Guess what, it’s all been useless.

Hamburg university researchers have examined closely how web browsers implement so-called TLS session resumption and how the top million popular websites make use of that feature. They found that 80% of websites make a correct use, unsuitable for tracking repeat visitors — just resuming an existing session within the last ten minutes.

Unfortunately though, Google is present on 80% of these websites in form of Analytics, Fonts or other third-party inclusions. And among 10% of sites that do not respect reasonable resumption times, Google sticks out as one of the most greedy ones — it allows for a web browser to stay offline for over a day, and still be recognized as the same web browser the next day. Considering that it is nearly impossible to surf the web without accessing some Google content, this means that Google can track all your surfing habits without any need for HTTP Cookies!
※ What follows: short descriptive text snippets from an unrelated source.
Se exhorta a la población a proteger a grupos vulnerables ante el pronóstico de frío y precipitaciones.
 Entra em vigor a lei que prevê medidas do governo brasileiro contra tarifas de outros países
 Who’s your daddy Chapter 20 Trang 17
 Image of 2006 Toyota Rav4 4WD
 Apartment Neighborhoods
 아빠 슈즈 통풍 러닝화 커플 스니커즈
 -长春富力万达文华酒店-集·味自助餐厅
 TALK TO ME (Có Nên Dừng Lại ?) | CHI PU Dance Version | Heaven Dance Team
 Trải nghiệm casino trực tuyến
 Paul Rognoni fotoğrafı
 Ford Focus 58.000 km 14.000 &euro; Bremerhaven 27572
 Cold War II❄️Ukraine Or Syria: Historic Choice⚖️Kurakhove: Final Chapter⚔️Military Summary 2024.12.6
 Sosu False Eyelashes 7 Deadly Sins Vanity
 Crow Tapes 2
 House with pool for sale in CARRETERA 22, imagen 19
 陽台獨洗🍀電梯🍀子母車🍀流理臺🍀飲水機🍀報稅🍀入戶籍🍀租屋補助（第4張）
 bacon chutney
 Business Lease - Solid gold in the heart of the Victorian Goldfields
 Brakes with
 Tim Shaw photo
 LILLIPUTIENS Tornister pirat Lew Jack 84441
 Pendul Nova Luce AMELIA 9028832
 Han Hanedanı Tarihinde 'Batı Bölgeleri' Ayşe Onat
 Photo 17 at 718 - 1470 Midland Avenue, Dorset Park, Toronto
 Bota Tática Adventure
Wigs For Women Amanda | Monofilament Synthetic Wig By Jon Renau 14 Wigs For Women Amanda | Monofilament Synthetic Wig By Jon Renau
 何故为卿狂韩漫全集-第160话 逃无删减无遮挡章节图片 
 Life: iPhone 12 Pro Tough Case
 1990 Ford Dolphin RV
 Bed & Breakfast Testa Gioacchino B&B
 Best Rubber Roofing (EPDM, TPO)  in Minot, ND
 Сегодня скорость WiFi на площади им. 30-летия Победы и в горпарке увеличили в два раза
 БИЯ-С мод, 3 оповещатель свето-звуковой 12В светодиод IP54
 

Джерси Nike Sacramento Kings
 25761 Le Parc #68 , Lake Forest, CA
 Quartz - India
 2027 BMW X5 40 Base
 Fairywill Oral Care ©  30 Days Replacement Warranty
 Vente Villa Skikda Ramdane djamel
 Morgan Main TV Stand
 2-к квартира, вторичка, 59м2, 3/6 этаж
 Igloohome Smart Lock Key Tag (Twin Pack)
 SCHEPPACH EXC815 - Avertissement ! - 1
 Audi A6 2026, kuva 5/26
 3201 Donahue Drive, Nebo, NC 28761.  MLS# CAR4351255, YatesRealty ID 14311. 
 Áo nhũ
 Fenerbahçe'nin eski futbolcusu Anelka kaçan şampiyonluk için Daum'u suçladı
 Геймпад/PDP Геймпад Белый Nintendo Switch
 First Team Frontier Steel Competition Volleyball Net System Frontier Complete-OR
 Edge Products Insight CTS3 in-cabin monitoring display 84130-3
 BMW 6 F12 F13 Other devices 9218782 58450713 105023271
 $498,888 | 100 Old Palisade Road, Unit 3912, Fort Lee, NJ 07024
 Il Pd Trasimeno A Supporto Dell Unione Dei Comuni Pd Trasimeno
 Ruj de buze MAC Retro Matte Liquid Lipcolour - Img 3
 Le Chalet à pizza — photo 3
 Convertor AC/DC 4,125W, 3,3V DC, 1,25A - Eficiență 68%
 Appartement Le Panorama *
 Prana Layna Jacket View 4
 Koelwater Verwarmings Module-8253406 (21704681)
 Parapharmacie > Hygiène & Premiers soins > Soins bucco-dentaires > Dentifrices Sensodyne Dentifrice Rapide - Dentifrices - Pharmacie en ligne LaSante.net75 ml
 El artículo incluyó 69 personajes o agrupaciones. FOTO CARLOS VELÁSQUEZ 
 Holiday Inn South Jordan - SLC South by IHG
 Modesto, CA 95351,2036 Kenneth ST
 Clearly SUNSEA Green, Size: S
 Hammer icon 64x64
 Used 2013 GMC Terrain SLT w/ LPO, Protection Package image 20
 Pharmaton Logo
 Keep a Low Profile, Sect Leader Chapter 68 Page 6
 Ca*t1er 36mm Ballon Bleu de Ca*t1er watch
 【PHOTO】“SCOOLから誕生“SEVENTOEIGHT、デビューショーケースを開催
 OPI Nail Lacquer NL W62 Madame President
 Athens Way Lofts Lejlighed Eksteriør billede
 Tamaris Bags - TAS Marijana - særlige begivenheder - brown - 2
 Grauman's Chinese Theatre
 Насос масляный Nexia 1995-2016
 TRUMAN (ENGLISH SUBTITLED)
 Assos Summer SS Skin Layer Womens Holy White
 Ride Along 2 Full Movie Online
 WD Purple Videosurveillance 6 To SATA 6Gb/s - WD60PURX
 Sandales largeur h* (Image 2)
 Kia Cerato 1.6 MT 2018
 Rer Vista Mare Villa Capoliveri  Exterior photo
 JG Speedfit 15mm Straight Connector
As Facebook isn’t as pervasively present in all of the web, it went even further. It is enough for you to visit any website bearing a Like button every second day to allow Facebook to profile you, even if you never dreamt of logging into that service. Could it be our researchers just caught these companies with their hands deep in the cookie jar (pun intended)? For how long have they been collecting user data this way?

Somewhat conspiracy-theory-like take on an actual, real privacy issue: the fact that TLS makes tracking pretty easy even without cookies. If you thought my 301-based cookieless tracking was clever, this is cleverer. And harder to detect, to boot.